世界2大ストリーミング・エンターテインメント大手の Netflix (NASDAQ:NFLX)とWalt Disney Company (NYSE:DIS)の株価は、今年に入ってそれぞれ異なる値動きをしている。
2022年初頭からみられているグロース株の急落や期待はずれの決算内容が災いして、ネットフリックス株は今年これまで価値の3分の1以上を失った。月曜日の終値は378.51ドルである。
一方、カリフォルニア州バーバンクに本拠を置くディズニーは、同期間中に約10.4%の値下がりに留まっている。月曜日の終値は138.72ドルだった。
ディズニーが発表した前回の決算報告は、コロナ禍の最悪期が過ぎたことを示す内容となった。米国、欧州、アジアにおけるディズニー・ランドやリゾートへの来場者数の増加を受けて、収益は過去最高を記録した。パンデミックによる影響が徐々に薄らぎ、屋外エンターテインメントに対する需要が大幅に高まっていくとみられる中、多くの国々で入場制限を解除していることから、ディズニーの勢いは今後も続くと思われる。
しかし、今年ディズニーがもたらした最大のサプライズは、ストリーミングサービス「Disney+」によるもので、パンデミック後のストリーミング・ビジネス全体が小康状態にある中で、依然として数百万の新規加入者を獲得している。
1月1日に終了した四半期までに、Disney+の新規加入者は1180万人に達し、総加入者数は前四半期の1億1810万人から1億2980万人に増加したと報告した。一方、ネットフリックスは1月に投資家に対して、今期は250万人の新規顧客を追加するに留まると説明していた。
ディズニー株のほうが評価は高い
ディズニーのBob Chapek CEOによると、これらのコンテンツは、スター・ウォーズやマーベルなどの人気フランチャイズの新コンテンツの制作に注力していることに加え、Disney+への加入をHuluやESPN+のサービスに追加(バンドル)すると決定したことが要因となっていると分析する。
こうした動きに後押しされ、アナリストは最近、ネットフリックス株よりもディズニー株を保有することに投資妙味があるとみている。
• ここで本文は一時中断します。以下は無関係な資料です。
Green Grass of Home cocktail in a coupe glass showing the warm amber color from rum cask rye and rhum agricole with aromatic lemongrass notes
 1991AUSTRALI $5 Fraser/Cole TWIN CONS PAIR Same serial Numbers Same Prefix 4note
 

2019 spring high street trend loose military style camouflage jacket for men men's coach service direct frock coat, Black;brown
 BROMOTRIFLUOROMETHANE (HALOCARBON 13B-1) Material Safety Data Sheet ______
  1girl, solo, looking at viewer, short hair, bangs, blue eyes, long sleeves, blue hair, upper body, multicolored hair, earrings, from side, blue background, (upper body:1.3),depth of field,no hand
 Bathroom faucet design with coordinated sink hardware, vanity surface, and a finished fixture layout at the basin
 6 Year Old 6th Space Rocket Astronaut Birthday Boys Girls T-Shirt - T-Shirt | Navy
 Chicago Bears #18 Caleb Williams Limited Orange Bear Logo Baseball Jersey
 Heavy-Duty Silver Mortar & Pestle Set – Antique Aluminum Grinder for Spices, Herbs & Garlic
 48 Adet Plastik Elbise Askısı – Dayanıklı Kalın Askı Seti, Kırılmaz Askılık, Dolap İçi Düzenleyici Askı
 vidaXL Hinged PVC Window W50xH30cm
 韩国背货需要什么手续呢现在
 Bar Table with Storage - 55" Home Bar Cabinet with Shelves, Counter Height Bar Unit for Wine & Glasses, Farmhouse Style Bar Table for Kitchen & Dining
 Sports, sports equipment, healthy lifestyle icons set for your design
株価収益率(PER)は32倍とネットフリックスとほぼ同じで、ディズニーは今や高成長株の仲間入りをしている。アナリストがディズニーをネットフリックスより好意的に評価しているのは、おそらくそのためだろう。
Investing.comが30人のアナリストを対象に行った調査では、ディズニーは22人の「アウトパフォーム」評価を受けている。
出所:Investing.com
一方、ネットフリックスの場合、Investing.comが43人のアナリストを対象に行った調査では、より意見が分かれ、約半数が購入を勧めないとしている。
出所:Investing.com
CNBCによると、 Wells Fargoは先週、ディズニーのオーバーウエイト評価を継続し、目標株価を196ドルとした。同社は、2023年に向けて、米国内パークに10%から11%の収益改善余地があるとみていると強調した。Wells Fargoは、これが同社の1株当たり利益のおよそ5%増につながると考えている。
ブルームバーグによれば、ディズニーとネットフリックスの株価推移の乖離は、ハイテク株のより広範な問題を示しているとのことだ。アナリストは、大手ハイテク企業の収益の伸びが急激に鈍化すると予想している。
しかし、Netflixは、優れたコンテンツとテクノロジーに下支えされ、このような低迷からこれまで何度も力強く回復してきた。この堅実な実績により、投資会社Pershing SquareのBill Ackman氏は1月下旬にネットフリックス株を310万株以上購入し、株主上位20人の一人となった。
先週J.P. Morganが発表した分析ノートには、「柔軟な事業転換、強力なコンテンツ、パンデミックによる悪影響の低減、フリー・キャッシュ・フローの大幅改善」をポジティブ材料として挙げ、ネットフリックスに対して強気見通しを有している。
結論
ディズニーとネットフリックスは、長期的なポートフォリオの中核となるメディア銘柄に含まれる。しかし、レガシー事業(遊園地運営)の再開と成長可能性により、ディズニーの方が今年の成長を実現できる立場にある。
一方、コンテンツとテクノロジーに関しては、ネットフリックスがリードしている。投資家は、どちらかに偏るのではなく、ポジションを均等に分け、これらの優良銘柄の上昇余地に期待するのが良いかもしれない。